Like many people, moved by watching the television series Blue Planet and the affects of plastic on the ocean, I felt compelled to make some changes in my life. 2050 is not that far off. However, when we make environmentally friendly choices, are we always seeing the bigger picture?
I watched videos on how to live plastic free and I read blogs too, and I vowed to make changes. I refused straws in restaurants and bars, I made sure that I always had a bag with me when I went shopping and I bought a shampoo bar. I felt pleased with these changes, and it honestly became quite addictive early on. However, I started to realise with some things that whilst I was doing good in one way, the product could also be a hindrance in another way.
I’m not for one minute advocating that plastic is always the solution; or that by buying the environmentally friendly version, a person is not making a ‘better choice’; or that we should stop making small changes to contribute towards a more sustainable planet. However, a nagging thought, wonders whether we are not seeing the bigger picture.
For example, some products whilst they are biodegradable, they are shipped to the consumer’s doorstep.
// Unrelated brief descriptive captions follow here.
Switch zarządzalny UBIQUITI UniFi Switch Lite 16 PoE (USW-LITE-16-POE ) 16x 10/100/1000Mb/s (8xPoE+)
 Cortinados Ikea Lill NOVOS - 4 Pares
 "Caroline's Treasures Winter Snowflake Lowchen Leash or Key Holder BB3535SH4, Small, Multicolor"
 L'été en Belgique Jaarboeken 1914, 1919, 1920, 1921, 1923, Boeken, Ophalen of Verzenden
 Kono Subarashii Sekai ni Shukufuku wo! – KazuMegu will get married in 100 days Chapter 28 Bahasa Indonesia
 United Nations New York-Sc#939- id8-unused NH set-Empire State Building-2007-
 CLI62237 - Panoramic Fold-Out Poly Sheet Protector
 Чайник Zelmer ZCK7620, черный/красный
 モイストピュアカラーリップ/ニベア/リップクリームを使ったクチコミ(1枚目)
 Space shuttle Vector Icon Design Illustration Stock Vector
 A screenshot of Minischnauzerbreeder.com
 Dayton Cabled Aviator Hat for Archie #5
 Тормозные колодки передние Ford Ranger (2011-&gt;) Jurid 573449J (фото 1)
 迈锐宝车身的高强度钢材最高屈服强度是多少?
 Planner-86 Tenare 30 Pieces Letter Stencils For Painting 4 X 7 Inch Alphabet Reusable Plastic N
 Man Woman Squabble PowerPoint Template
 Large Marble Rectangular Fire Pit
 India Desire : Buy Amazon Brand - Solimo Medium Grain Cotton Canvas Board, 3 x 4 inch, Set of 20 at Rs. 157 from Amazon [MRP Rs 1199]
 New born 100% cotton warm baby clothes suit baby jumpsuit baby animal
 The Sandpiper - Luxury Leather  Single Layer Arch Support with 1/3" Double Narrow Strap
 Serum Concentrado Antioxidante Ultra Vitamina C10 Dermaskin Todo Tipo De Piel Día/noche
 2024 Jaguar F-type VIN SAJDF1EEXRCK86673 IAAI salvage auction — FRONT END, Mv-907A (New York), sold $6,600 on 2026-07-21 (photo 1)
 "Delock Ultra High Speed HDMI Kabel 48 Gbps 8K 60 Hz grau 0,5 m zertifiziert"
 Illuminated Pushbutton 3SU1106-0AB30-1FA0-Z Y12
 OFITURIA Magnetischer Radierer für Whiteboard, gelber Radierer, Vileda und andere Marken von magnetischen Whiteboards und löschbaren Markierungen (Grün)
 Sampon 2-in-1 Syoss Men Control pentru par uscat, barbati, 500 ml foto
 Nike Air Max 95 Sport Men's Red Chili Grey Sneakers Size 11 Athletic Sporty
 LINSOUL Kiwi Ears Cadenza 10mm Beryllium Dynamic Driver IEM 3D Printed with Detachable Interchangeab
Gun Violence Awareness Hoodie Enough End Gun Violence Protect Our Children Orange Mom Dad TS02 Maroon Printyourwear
The war on plastics is won, but what about the carbon footprint of that delivery, and each delivery thereafter? Making the house completely plastic free, so does this mean throwing out the reusable tupperware for metal containers? The glass bottles and jars (yes, often the lids are made of plastic) have a heavier mass than their plastic competitors. Reusable sanitary products, including nappies, what must the effect of boil washes have on the environment?
Recently, I went to a well known worldwide chain of sandwich makers. In the store that I was in, I was automatically given a plastic bagged sandwich. Some of my eco-warrior friends would have taken a stand and never visited that eatery again. If we stop and think for a minute, it was a practical decision taken because I was hungry and it would have taken 20 minutes to go home and make lunch. Also, it’s a business yes, but it’s also a job for someone and if a business isn’t successful employees are let go. Furthermore, by taking a stand to not spend my money there, what impact would I have had? Two customers lost, when a million customers could have been reached.
Instead, would the solution not be that they could have given me a paper bag? The life of that plastic bag, from the minute it was in my hands, was literally the time it took to eat my sandwich. Then, like most customers there that day, I threw the bag in the bin. I had no further use for that plastic sandwich bag. Some would say that I didn’t need a bag at all, and I would agree on that occasion because I was eating at one of their tables, so I didn’t need a bag. However, the bag would have been useful if the sandwich were to be taken away. What would make the bigger impact?
There are many more examples and solutions that I could give, and I am sure many people could towards making products eco friendly, and often packaging would be the place to start. However, I as a consumer feel that the burden is often placed upon us, when the bigger impact would be from the corporations, making some often simple changes. If they made the first step in rethinking packaging, or carbon footprint would this not be a larger commitment to a more sustainable planet?